DATA TO EXAMINE section start
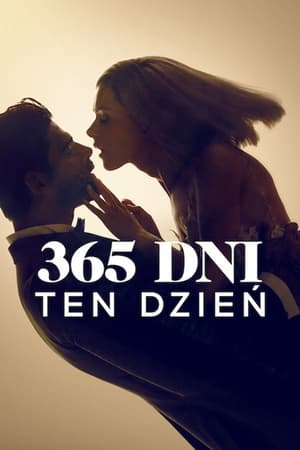 365 dní: Ten den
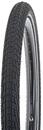 Reifen 20" x 1,75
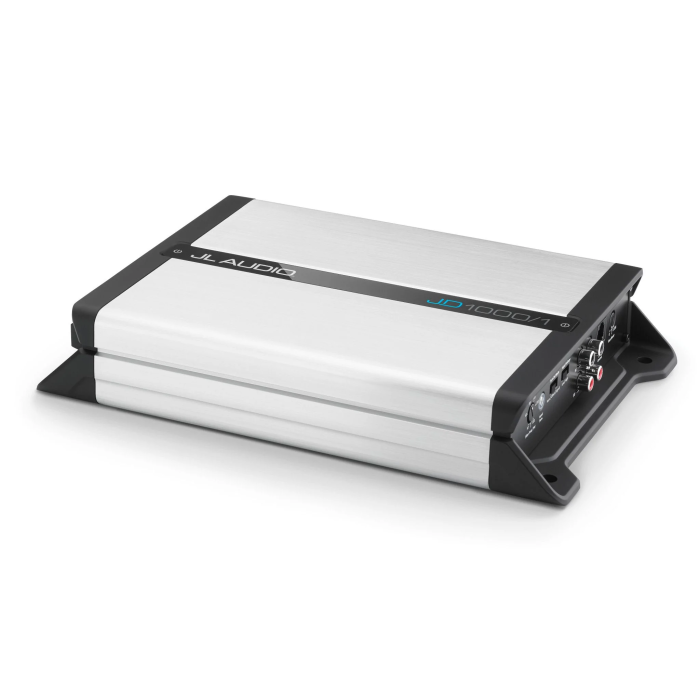252122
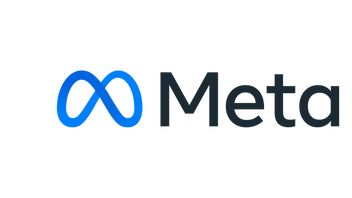 MetaはFacebook と Instagram での政治広告における AI 使用の開示に関する新しいポリシーを作成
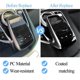 thumbnail image 5 of 1669004919 Center Control Switch Touchpad Assembly for GLS Class 2016-2019 2015-2019 A1669004919, 5 of 5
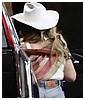 Filename=02.jpeg
Filesize=179KiB
Dimensions=1176x1474
Date added=Mar 30, 2024 02.jpeg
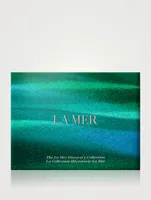 The La Mer Discovery Collection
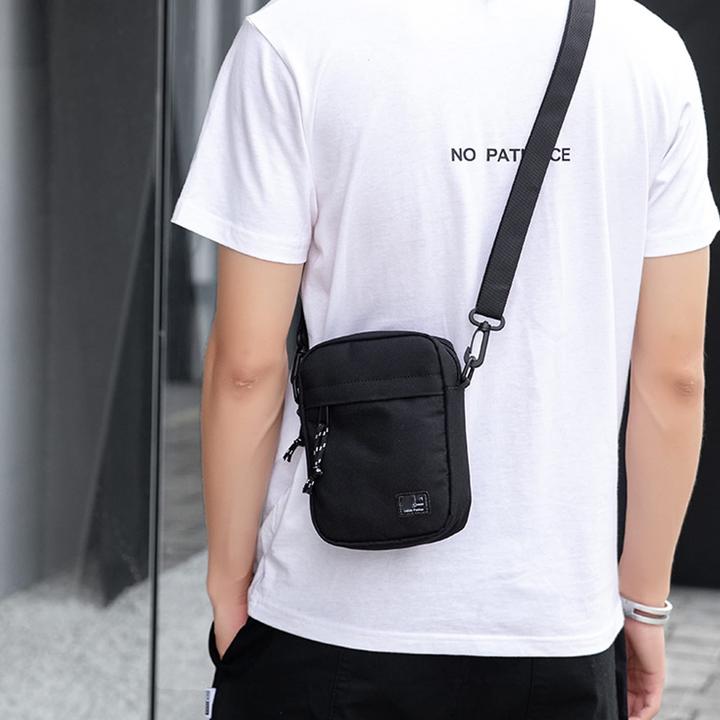 Produktbild Only-Bags.Store Handy-Umhängetasche, Wasserdicht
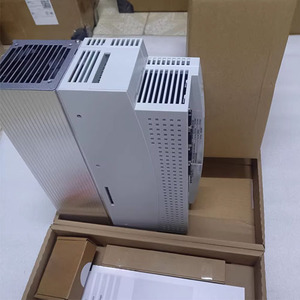 EVS9ไดรฟ์ VFD อุตสาหกรรมความถี่ EVS9322-CSV003 EVS9327-ERV004 EVS9323-ETV911ของแท้ EVS9323-ETV911 EVS9327-ERV004 100% ใหม่ - Product Image 5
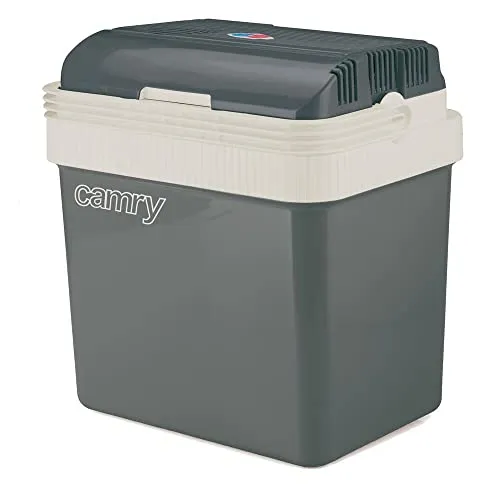 Camry CR 8065 2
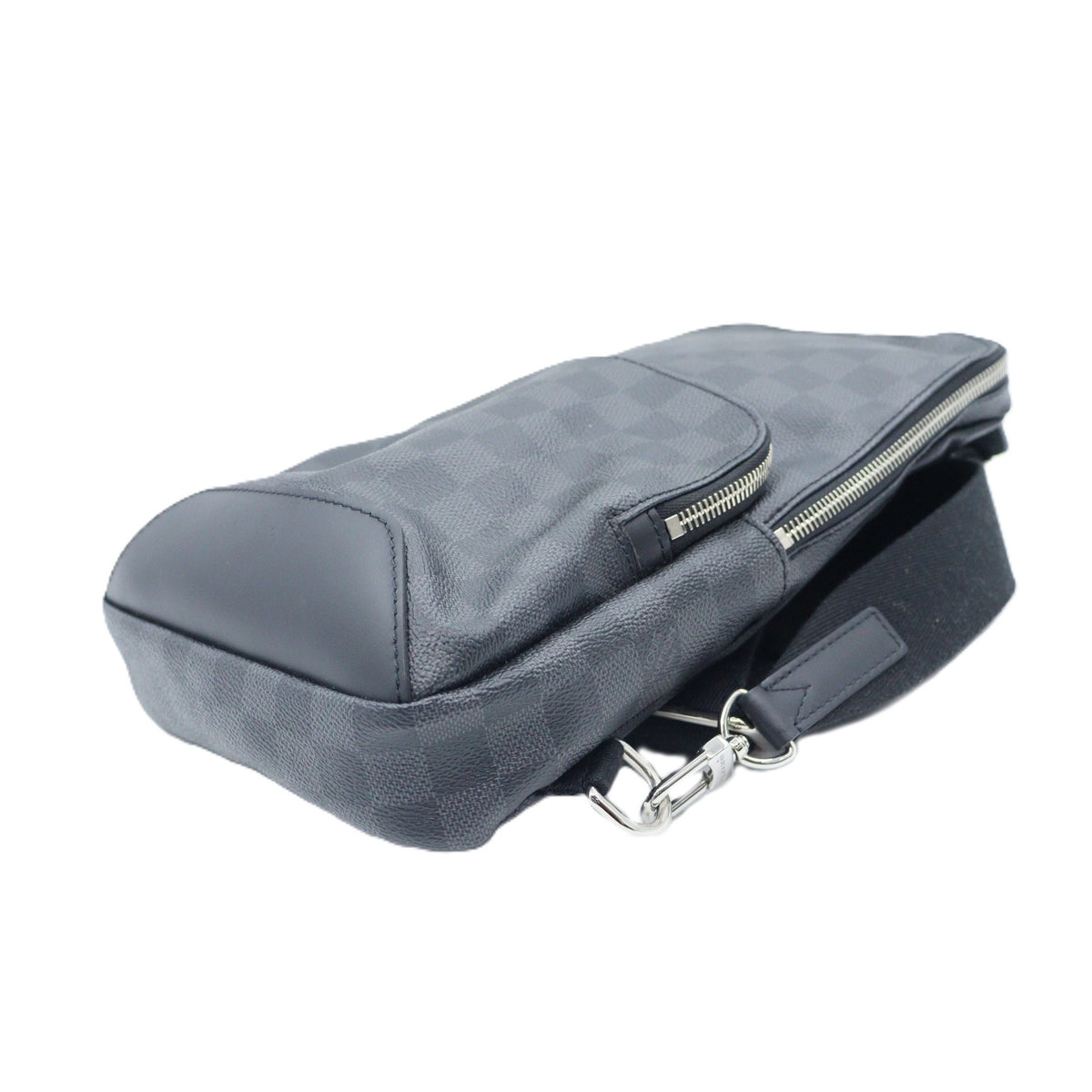 LV Avenue Sling Shoulder Bag N40303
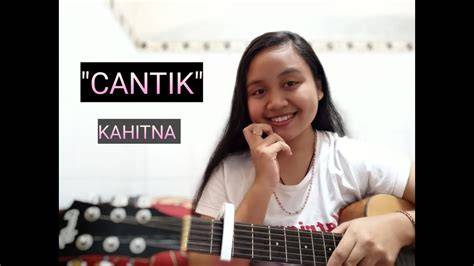 ChorD GiTaR cAntik manfaatkan fitur buy spin pencinta sinema gelap pilihan artis indonesia xvideos demo drifting image 5
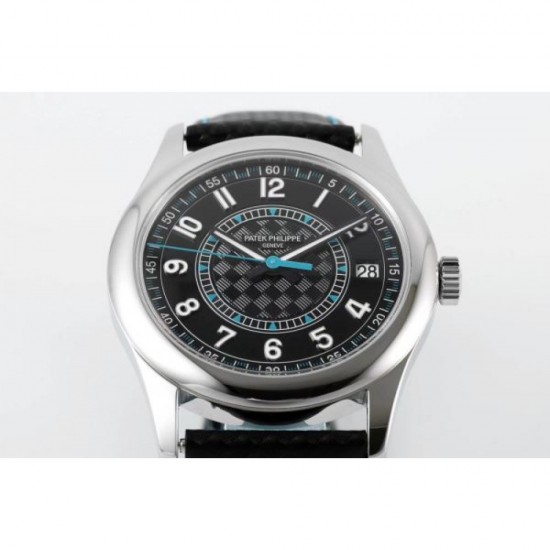 2024SS summer popular PATEK PHILIPPE Patek Philippe watch watch 2024SS summer popular PATEK PHILIPPE Patek Philippe watch watch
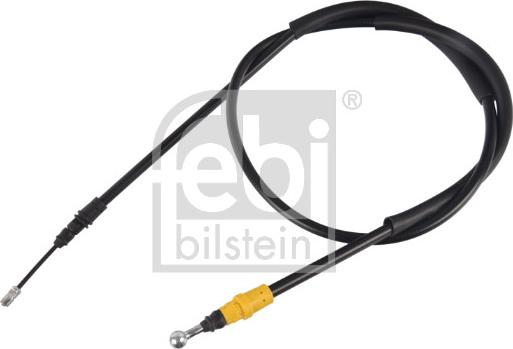 Febi Bilstein 180498 - Tross,seisupidur onlydrive.pro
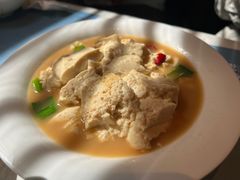 -荣小馆(临海世纪花城店)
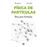 Fisica de particulas para principia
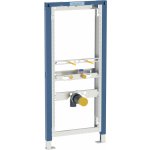 Geberit 111.686.00.1 – Hledejceny.cz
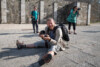 Martin Kamín jako vedoucí lektor Fotoexpedice Toskánsko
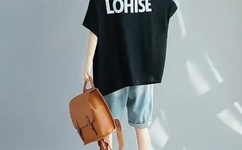 基情是什么意思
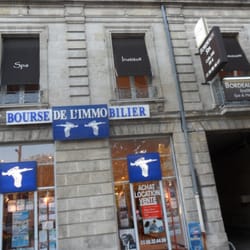 Bordeaux Spa Institut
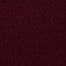 Registry 30 in Lexus Wine Carpet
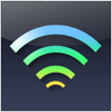 Icon of program: ToneGen Tone Generator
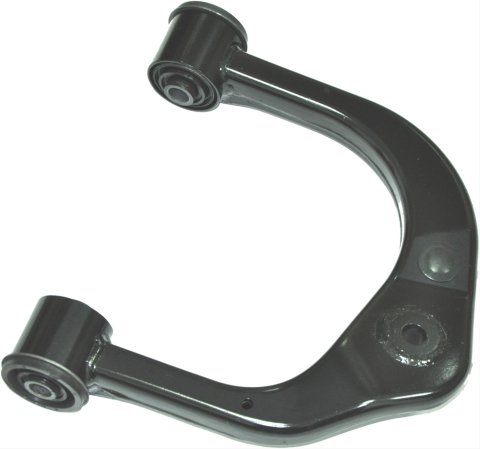 MOOG 96-02 Toyota 4Runner Front Right Upper Control Arm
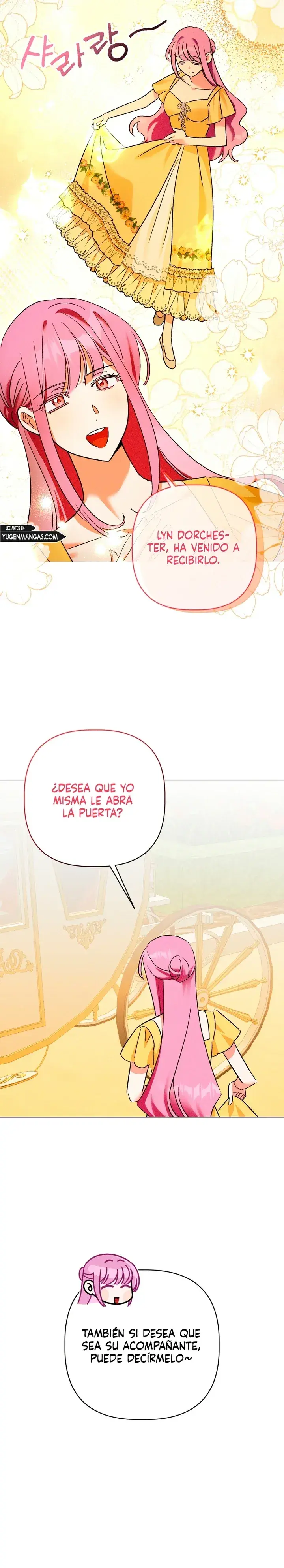 Capitulo 28 page 15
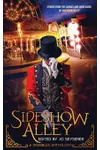 Sideshow Alley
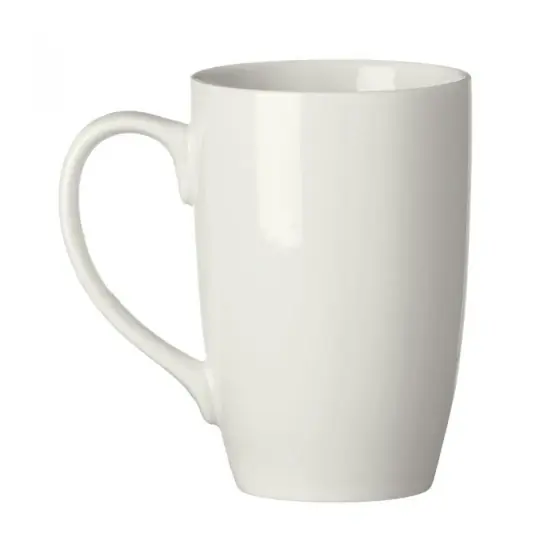 Cană elegantă Pure, 300ml Fine Dine Ofertă specială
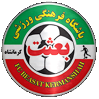 https://img.wmprofile.com/img/football/team/f10b27b256ab3ea44e48ff8d138fa29a.png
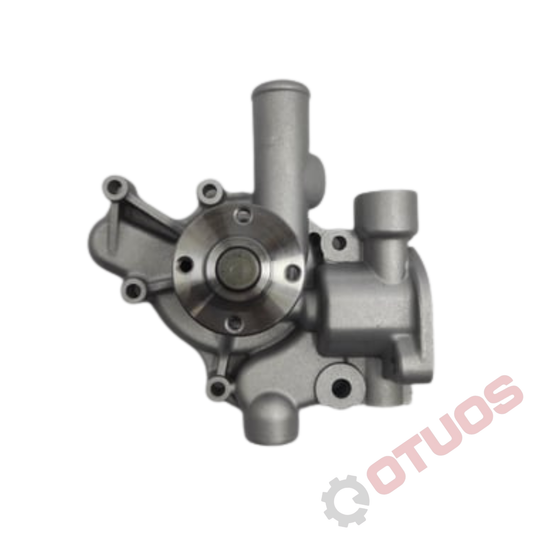 Bomba de Água Yanmar — 3TNE68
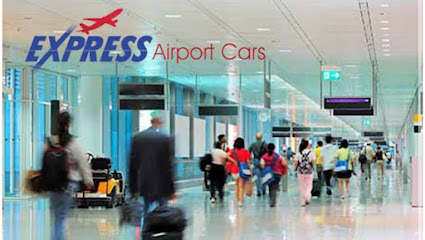 Express Airport Cars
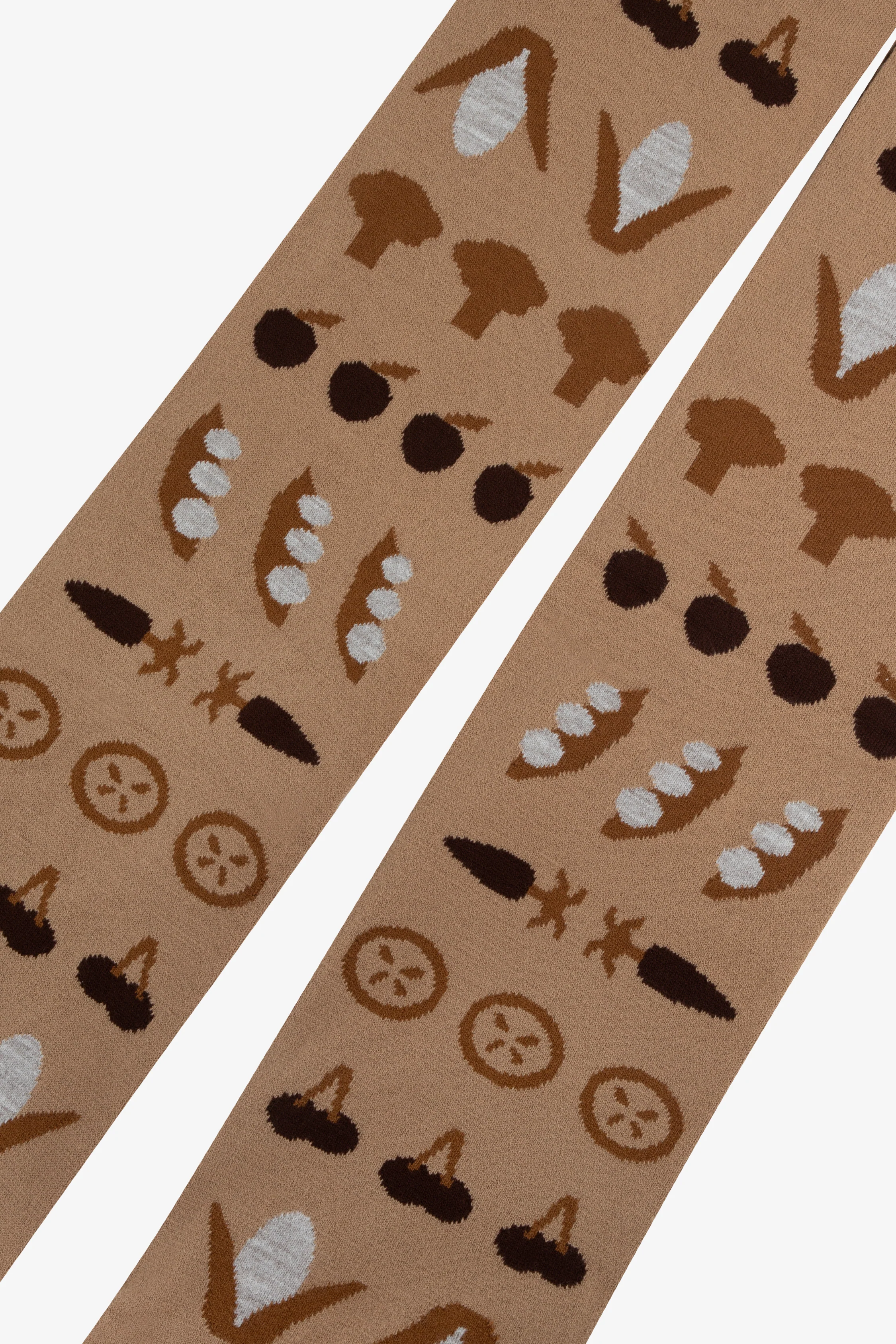 JQSCARF37 - Farm Scarf - Image 13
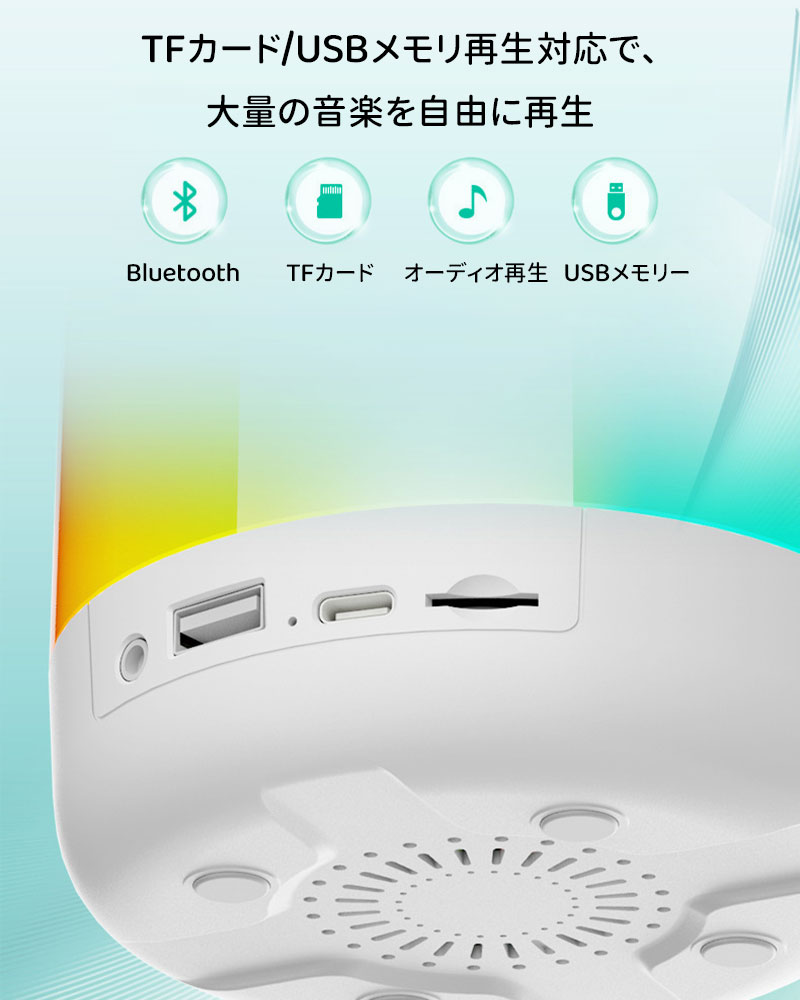 【中古】KENWOOD ケンウッド K's DPF-7002 CDプレーヤー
DATA TO EXAMINE section end
Reproduce exactly, with no pictures, the lines above from the one holding "Filesize=179KiB" to the one holding "ChorD GiTaR cAntik", inclusive.

EXPECTED OUTPUT
Filesize=179KiB
Dimensions=1176x1474
Date added=Mar 30, 2024 02.jpeg
 The La Mer Discovery Collection
 Produktbild Only-Bags.Store Handy-Umhängetasche, Wasserdicht
 EVS9ไดรฟ์ VFD อุตสาหกรรมความถี่ EVS9322-CSV003 EVS9327-ERV004 EVS9323-ETV911ของแท้ EVS9323-ETV911 EVS9327-ERV004 100% ใหม่ - Product Image 5
 Camry CR 8065 2
 LV Avenue Sling Shoulder Bag N40303
 ChorD GiTaR cAntik manfaatkan fitur buy spin pencinta sinema gelap pilihan artis indonesia xvideos demo drifting image 5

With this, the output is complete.